Begin at the beginning, then. Golding’s father Alec, who, as Carey emphasizes, “influenced him more strongly than any other human being,” and is the model for Nick Shales in Free Fall, was a science teacher. He admired H.G. Wells, reckoned Darwin’s theory of evolution “one of the most sublime conceptions of the human mind,” was a devotee of great music and literature, a teetotaler, uncomfortable with sex and rowdiness, a socialist, an atheist, a pacifist, an egalitarian on women’s rights. His wife Mildred, six years older than him, was also a musician, also a teetotaler (though, or perhaps because, born in a pub), also a socialist, and at least an agnostic if not an atheist. Plenty for any offspring to rebel against there.
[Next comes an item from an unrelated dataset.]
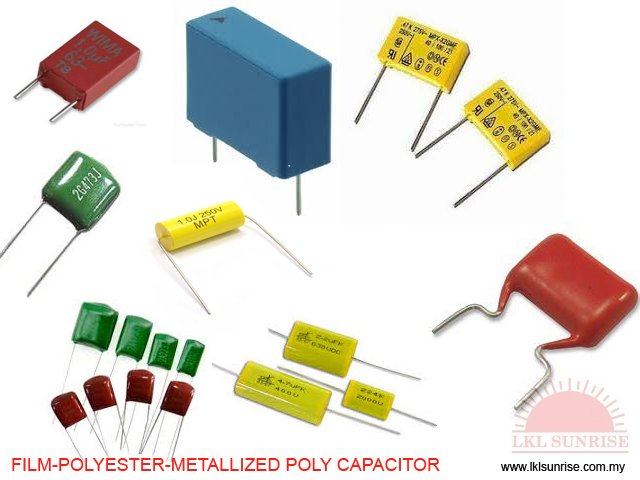 FILM-POLYESTER-METALLIZED POLY CAPACITOR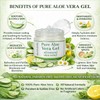 Auravedic Pure Natural Aloe Vera Gel, 100g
In 1905, Alec got a job teaching physics, chemistry, drawing, and botany at Marlborough Grammar School. He and Mildred lived in Marlborough for the rest of their lives. They had two sons, of whom the second, known then as Billy, was born in 1911. For whatever reason, Alec never became a headmaster, and middle-class competitive disdain (so well captured later by Golding in The Pyramid) may have been what made him come to regard himself as a professional and social failure.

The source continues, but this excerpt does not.